At the end of the eighteenth century, Zadrima came to also encompass the nearby villages of Vjerdha, Lisna, Gajtani, and Rragami. The settlements of the former Guri i Zi Municipality, located to the immediate north of Zadrima, are traditionally connected to Zadrima due to similarities in traditions, customs, and folk clothing. On the other hand, the villages of Kallmet i Vogël, Kallmet i Madh, and Rraboshta, which are a part of the southern Zadrima Plain, differ in their customs and traditions from the rest of the greater region. Zadrima can be further broken down into three main units: 1) The area bordering Mirdita, consisting of villages located on the foothills of the mountains separating the two major ethnographic regions (e.g., Troshan, Fishtë, Nënshat); 2) The villages established on the slopes of hills and mountains located within the core territory of Zadrima (e.g., Paçram, Pistull, Dajç); 3) The villages located on the open plains of Zadrima (e.g., Gramsh, Shelqet, Gjadër).

==History==
Zadrima is first recorded in the twelfth century by Byzantine princess and historian Anna Komnene, who refers to the region as highly agricultural and the place of many battles between the Western and Eastern Roman empires. In 1281 the progenitor of the Dukagjini family, dux Gjin Tanushi (Ducam Ginium Tanuschium Albanensem), is recorded as ruling over portions of Zadrima, Guri i Zi (Montagne noire), Pulti, Sati, and lands around the Fan. Much of Zadrima and the adjacent territories between Lezha and the Fan would consequently be inherited by the Dukagjini, particularly the branch descending from Tanush II Dukagjini. Other than the Dukagjini, the noble families of the Blinishti and Zaharia also held lands in Zadrima. The Blinishti of the thirteenth and fourteenth centuries initially held the lands between Gjadër in the west and Mali i Shejtit to the east, Arst in the north and Ndërfanda in the south, with their centre in Blinisht. In the fifteenth century it is recorded that Koja Zaharia had received lordship over Sapa and Dagnum from the papacy following his conversion to Roman Catholicism from Serbian Orthodoxy in 1414. The Zaharia would continue to rule over much of Zadrima during the medieval and often came into land disputes and conflicts with the Dukagjini whose influence had been primarily limited to Lezha and its environs. Zadrima and Lezha would eventually fall under Venetian occupation.

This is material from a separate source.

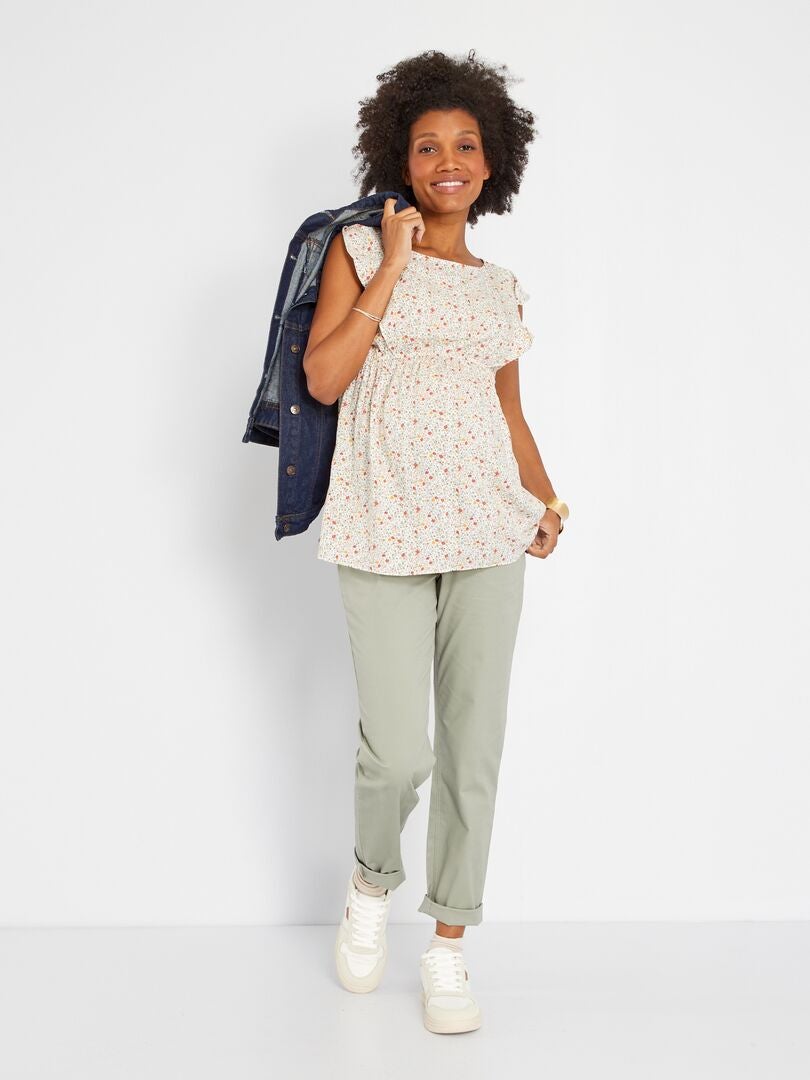 Blouse grossesse 'fleurie' à col rond Blanc fleuri - Kiabi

The demographic history of Zadrima is one of heterogeneity and diversity in regards to geographic origins. The old population of the region, descended from the medieval inhabitants and communities of Zadrima, has largely diminished and represents a negligible percentage of modern families. For example, in the seventeenth century only a handful of native households remained in the village of Mjeda, such as that of Lazër Mati Koja, who descended from the old Zaharia family through Koja's son, Leka. The Ottoman occupation of the region resulted in mass depopulation and movement out of Zadrima, explaining the great reduction in the region's native population. From the sixteenth and seventeenth centuries onwards, Zadrima would come to be repopulated by a number of families and brotherhoods arriving from Malësia. Examples include a number of the brotherhoods from Gjatore, a quarter in Kallmet, whose ancestors arrived from Vukël in Kelmend, as well as the Lazër-Ilaj of Pistull who are believed to have come from Hoti. Numerous families from Mirdita and Puka also settled in Zadrima due to their close proximity to the region, which offered better living conditions due to its lowland terrain. Migrations from other nearby territories would also take place, examples including the Imeraj of Paçram who descend from the Çelaj of Bushat and the Ranxa of Pistull who arrived from Melgushë.